Analisa

Tinjauan Ekonomi Indonesia Tahun 2017

Nusantarakini.com, Jakarta – 

Pertumbuhan ekonomi Indonesia selama dimulainya pembangunan lima tahun secara berjangka pada zaman Rezim Orde Baru selalu stabil diantara 6% – 7%. Kecuali pada saat krisis moneter (krismon) pada tahun 1997.

Setelah masuk ke era reformasi, pertumbuhan ekonomi pun relatif stabil di angka 6% – 6,5% dan di tiga tahun terakhir atau saat ini pertumbuhan masih stabil dengan kecenderungan memburuk di angka 4,9% – 5,2%.

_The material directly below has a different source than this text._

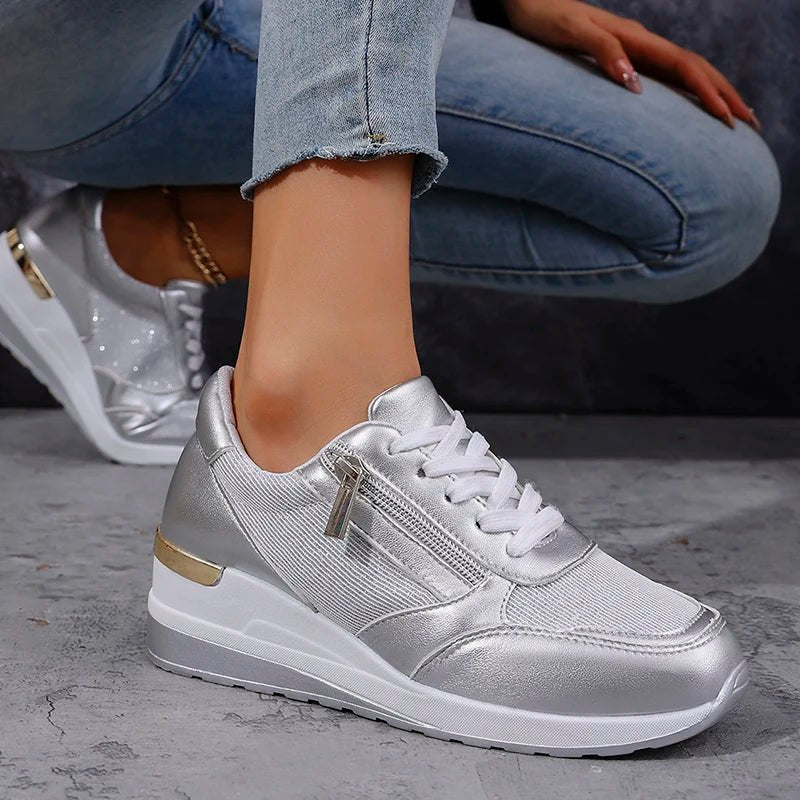 Women's Wedge Platform Lace-Up Leather Trainers - Silver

Tapi itu adalah ekonomi makro, sedangkan di ekonomi mikro yang lansung bersentuhan dengan masyarakat atau rakyat secara keseluruhan; baik sebagai produsen, distributor, penjual maupun pembeli nyaris ambruk dalam 2 (dua) tahun terakhir ini. Daya beli masyarakat menjadi sangat lemah dan turun sampai antara 40% hingga 60% secara merata.

Pada akhir tahun 2014 minyak dunia dalam posisi turun drastis hingga hampir mencapai 30 USD/barrel. Banyak negara memanfaatkan momentum tersebut untuk memperbaiki APBN-nya; namun justru di Indonesia terjadi kenaikan harga BBM hingga hampir mencapai 30%. Dan seiring dengan hal tersebut terjadi juga pelemahan pada nilai tukar rupiah terhadap valas; dan yang selalu
menjadi acuan adalah USD. Dimana pada awalnya kurs rupiah antara 9500 -10.000/USD menjadi antara 13000-13500/USD. Terjadi devaluasi hingga 33%, yang berarti value dari pada rupiah menjadi turun dan tentunya sangat mempengaruhi nilai APBN dan APBD. Ditambah lagi penyerapan APBD yang tidak maksimal dan kurang dari 60% khususnya ibukota Jakarta yang menjadi pusat peredaran uang untuk seluruh Indonesia.

Pencabutan subsidi listrik yang diberlakukan secara keseluruhan dengan bertahap, sehingga menjadikannya sebagai tarif listrik termahal di Asia Tenggara (11cents/kwh); serta ketidakpastian ekonomi dunia global, akibat dari perlambatan pertumbuhan ekonomi Tiongkok. Dan itu merupakan beberapa faktor internal dan eksternal yang menbuat ekonomi mikro kita hampir ambruk.

Hal yang paling mengkhawatirkan; dan sudah ada gejala bahwa; akan terjadi penurunan produksi yang akan berakibat terjadinya pengurangan tenaga kerja atau terjadi PHK secara besar-besaran.

Pembangunan infrastruktur yang dilakukan secara besar-besaran dalam 2,5 tahun terakhir ini dengan biaya ratusan triliun untuk setahunnya; dalam waktu menengah pendek belum akan mampu mendorong ekonomi secara keseluruhan.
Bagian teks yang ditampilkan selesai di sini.